HFT usually implies a firm holds an investment position only for very brief periods of time - even just seconds - and rapidly trades into and out of those positions, sometimes thousands or tens of thousands of times a day;
HFT firms typically end a trading day with no net investment position in the securities they trade;
HFT operations are usually found in proprietary firms or on proprietary trading desks in larger, diversified firms;
HFT strategies are usually very sensitive to the processing speed of markets and of their own access to the market.

In high-frequency trading, programs analyze market data to capture trading opportunities that may open up for only a fraction of a second to several hours.High-frequency trading (HFT) uses computer programs and sometimes specialised hardware  to hold short-term positions in equities, options, futures, ETFs, currencies, and other financial instruments that possess electronic trading capability.[4] High-frequency traders compete on a basis of speed with other high-frequency traders, not long-term investors (who typically look for opportunities over a period of weeks, months, or years), and compete with each other for very small, consistent profits. As a result, high-frequency trading has been shown to have a potential Sharpe ratio (measure of reward per unit of risk) thousands of times higher than the traditional buy-and-hold strategies. By 2010 high-frequency trading accounted for over 70% of equity trades taking place in the US and was rapidly growing in popularity in Europe and Asia. Aiming to capture just a fraction of a penny per share or currency unit on every trade, high-frequency traders move in and out of such short-term positions several times each day. Fractions of a penny accumulate fast to produce significantly positive results at the end of every day. High-frequency trading firms do not employ significant leverage, do not accumulate positions, and typically liquidate their entire portfolios on a daily basis.

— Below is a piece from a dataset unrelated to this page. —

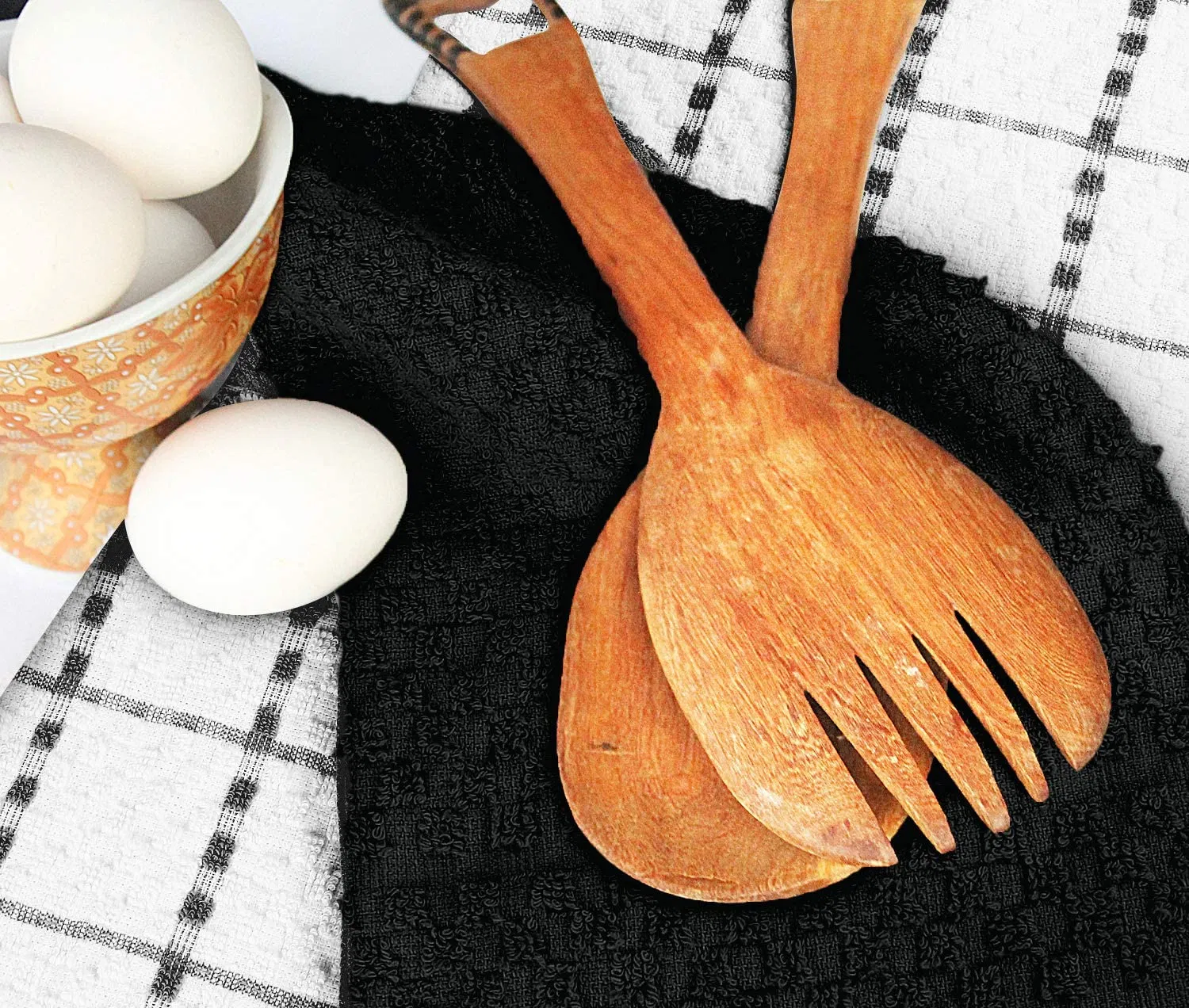 Cotton Kitchen Towels Set for Everyday Cooking and Baking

One financial industry source claims algorithmic trading, including high-frequency trading, substantially improves market liquidity.An academic study shows additional benefits, including lowering the costs of trading,increasing the informativeness of quotes,improved linkage between markets, and other positive spillover effects, at least in quiescent or stable markets; the authors of this study also note that "it remains an open question whether algorithmic trading and algorithmic liquidity supply are equally beneficial in more turbulent or declining markets...algorithmic liquidity suppliers may simply turn off their machines when markets spike downward."Also noteworthy is that HFT only takes place in markets that are already deemed liquid, hence calling its necessity into question.

Algorithmic and high-frequency trading were both implicated in the May 6, 2010 Flash Crash, when high-frequency liquidity providers were in fact found to have withdrawn from the market. A July, 2011 report by the International Organization of Securities Commissions (IOSCO), an international body of securities regulators, concluded that while "algorithms and HFT technology have been used by market participants to manage their trading and risk, their usage was also clearly a contributing factor in the flash crash event of May 6, 2010."